How do I size a capacitor to dissipate ~150W for 6 seconds if it’s powered by two 18650 batteries in series (3.7v) and how to I add it into the circuit so that the batteries keep the capacitor charged and it helps to deliver current during those burst periods? I could ad a buck boost converter between the batteries and the capacitor, or just connect a large capacitor in parallel with the battery leads? Any advice on picking the correct sized capacitor and how to add it to the circuit would be greatly appreciated.

 

Estimate around 2 farads.
SG

 

I don't think you are going to get anywhere with this idea without it becoming a massive, expensive, inneficient monster.

Placing capacitors in parallel with the battery:

A vanishingly small portion of the energy stored in the capacitors can be utilized, as soon as the caps discharge to the batteries normal output voltage under load, they will cease to contribute current.
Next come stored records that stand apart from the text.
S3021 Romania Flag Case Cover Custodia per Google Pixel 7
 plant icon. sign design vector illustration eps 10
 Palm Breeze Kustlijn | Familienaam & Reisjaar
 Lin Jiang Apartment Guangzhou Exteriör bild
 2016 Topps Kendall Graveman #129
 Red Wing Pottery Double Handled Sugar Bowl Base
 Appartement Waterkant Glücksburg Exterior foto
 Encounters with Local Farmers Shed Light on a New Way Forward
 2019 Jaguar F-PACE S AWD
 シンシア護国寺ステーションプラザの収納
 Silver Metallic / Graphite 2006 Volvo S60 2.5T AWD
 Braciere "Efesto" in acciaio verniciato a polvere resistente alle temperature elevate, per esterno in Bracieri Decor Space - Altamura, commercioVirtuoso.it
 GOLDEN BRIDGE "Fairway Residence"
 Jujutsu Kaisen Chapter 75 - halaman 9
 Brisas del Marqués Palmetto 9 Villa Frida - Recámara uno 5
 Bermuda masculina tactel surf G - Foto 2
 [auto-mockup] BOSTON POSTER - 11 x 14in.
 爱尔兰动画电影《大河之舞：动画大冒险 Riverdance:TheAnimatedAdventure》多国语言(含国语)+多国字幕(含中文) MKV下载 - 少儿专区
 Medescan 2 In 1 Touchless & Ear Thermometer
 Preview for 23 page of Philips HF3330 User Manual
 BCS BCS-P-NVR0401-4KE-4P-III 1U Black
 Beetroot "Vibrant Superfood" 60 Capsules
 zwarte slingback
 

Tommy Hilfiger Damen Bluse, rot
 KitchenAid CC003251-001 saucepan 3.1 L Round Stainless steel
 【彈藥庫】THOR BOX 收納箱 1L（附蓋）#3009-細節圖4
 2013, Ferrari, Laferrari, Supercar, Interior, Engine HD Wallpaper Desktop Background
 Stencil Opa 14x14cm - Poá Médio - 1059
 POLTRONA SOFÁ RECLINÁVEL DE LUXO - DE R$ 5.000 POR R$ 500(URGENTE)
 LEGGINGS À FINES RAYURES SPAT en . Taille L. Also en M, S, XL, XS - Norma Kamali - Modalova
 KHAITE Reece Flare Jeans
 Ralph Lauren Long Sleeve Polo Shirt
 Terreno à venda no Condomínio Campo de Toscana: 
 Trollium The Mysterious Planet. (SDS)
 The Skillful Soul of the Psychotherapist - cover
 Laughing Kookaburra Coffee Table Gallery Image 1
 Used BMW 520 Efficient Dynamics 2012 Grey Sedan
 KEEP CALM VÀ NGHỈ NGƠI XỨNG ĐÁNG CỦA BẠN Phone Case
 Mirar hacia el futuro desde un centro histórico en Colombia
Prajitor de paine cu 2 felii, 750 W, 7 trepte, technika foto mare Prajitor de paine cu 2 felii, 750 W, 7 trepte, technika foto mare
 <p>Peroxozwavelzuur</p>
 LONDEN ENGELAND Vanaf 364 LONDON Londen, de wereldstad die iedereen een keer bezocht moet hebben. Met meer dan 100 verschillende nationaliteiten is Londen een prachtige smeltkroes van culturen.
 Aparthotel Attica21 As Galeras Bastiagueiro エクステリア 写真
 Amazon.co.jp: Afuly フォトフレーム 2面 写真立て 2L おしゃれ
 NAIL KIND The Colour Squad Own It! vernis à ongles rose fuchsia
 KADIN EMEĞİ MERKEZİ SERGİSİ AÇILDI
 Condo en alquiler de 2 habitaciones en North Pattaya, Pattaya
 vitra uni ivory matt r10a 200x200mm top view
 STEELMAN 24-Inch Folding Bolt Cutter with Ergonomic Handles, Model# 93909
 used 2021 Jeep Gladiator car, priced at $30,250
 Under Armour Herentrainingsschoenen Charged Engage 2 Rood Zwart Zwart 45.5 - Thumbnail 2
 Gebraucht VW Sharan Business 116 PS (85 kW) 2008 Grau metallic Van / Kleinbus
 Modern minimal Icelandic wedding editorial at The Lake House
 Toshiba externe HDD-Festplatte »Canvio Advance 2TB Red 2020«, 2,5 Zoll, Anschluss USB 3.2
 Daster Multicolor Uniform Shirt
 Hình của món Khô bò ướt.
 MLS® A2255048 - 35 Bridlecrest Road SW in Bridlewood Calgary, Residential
Since the terminal voltage of a capacitor is directly proportional to the stored energy, (unlike a battery) you would need to discharge the capacitor down to some much lower voltage to extract the energy - this would require some fancy, inefficient and expensive boost converter circuitry.

Charge the caps to some higher voltage, then regulate it down:
Could be made to work- but all the conversion inefficiencies would probably eat the battery faster than using the battery by itself.

 

If you want to calculate it

Assume for now that the capacitor will supply all of the power and somehow you can get all of the energy stored in the capacitor out.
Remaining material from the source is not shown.